Economie

La Cour des Comptes s’inquiète du sous-financement des gares par l’Etat

Selon la Cour des comptes, l’Etat n’assure pas ses obligations vis-à-vis des gares. Leur modèle de financement actuel, qui profite aux transporteurs dans un contexte d’ouverture à la concurrence, permet à peine d’en assurer l’entretien.

Dans son rapport sur les «gares ferroviaires de voyageurs» rendu public le 20 avril, la Cour des comptes s’inquiète d’un sous-financement des gares par l’Etat. Une situation rendue plus visible par leur rassemblement en 2010, pour la première fois de leur histoire, en une entité distincte nommée «Gares et Connexions».
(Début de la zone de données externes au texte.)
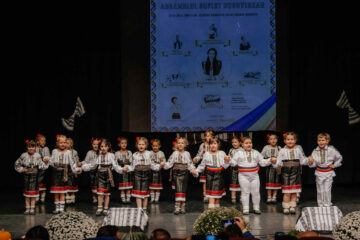 Spectacol folcloric aniversar susținut de Ansamblul „Suflet Bucovinean”, pe scena Teatrului „Matei Vișniec”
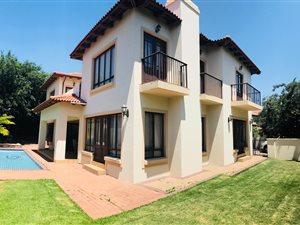 4 Bed House in Eagle Canyon Golf Estate
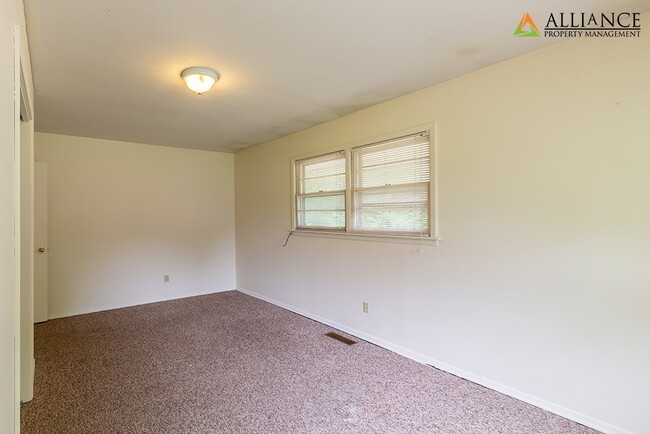 Building Photo - 1533 Pipher Ln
La loi de juin 2018, connue sous le nom de «Pacte ferroviaire» a depuis transformé Gare et Connexions, devenue le 1er janvier 2020, une société anonyme, filiale de SNCF Réseau (détenu à 100% par l’Etat).
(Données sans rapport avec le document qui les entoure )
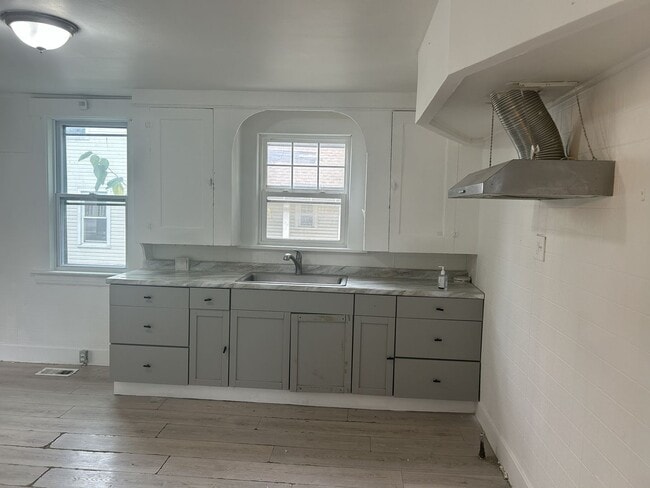 Building Photo - 3149 W 32nd St Unit 3149 W 32nd St - 1st Floor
C’est surtout le mode de financement – «construit pour bénéficier aux transporteurs» selon les termes du rapport – qui est mis en cause par les sages de la rue Cambon. Il repose principalement sur deux types de ressources : celles dites «régulées» qui correspondent aux redevances versées par les transporteurs ferroviaires pour chaque départ de train (737 millions d’euros de chiffre d’affaires en 2019) et celles dites «non régulées», tirées principalement de l’attribution de concessions commerciales dans les gares (394 millions de chiffre d’affaires en 2019). Ces deux ressources sont complétées par des subventions des collectivités territoriales.

Mais la redevance facturée aux transporteurs en contrepartie de l’utilisation des gares et de leurs services, dont les modalités de calcul sont jugées «insuffisamment robustes et transparentes», varie fortement selon les régions, et les trois catégories de gares dans l’organisation actuelle : gares d’intérêt national, régional et local, en fonction du nombre de voyageurs accueillis chaque année. Ainsi, à Lyon Part-Dieu, la redevance par départ/train s’établissait en 2020 à 106,10 euros pour un train national, contre 197,94  euros à Meuse TGV.

Depuis 2014, les ressources tirées des concessions commerciales (411 millions d’euros en 2019), ont permis de financer un volume d’investissements en nette hausse. Mais selon les évaluations de la Cour des comptes, ces ressources semblent avoir atteint un palier. Or les besoins d’investissements dans les gares vont continuer à croître. En effet, Gares et Connexions s’est vu transférer, au 1er janvier 2020, la gestion des quais, des passerelles d’accès aux quais ainsi que des grandes halles de voyageurs.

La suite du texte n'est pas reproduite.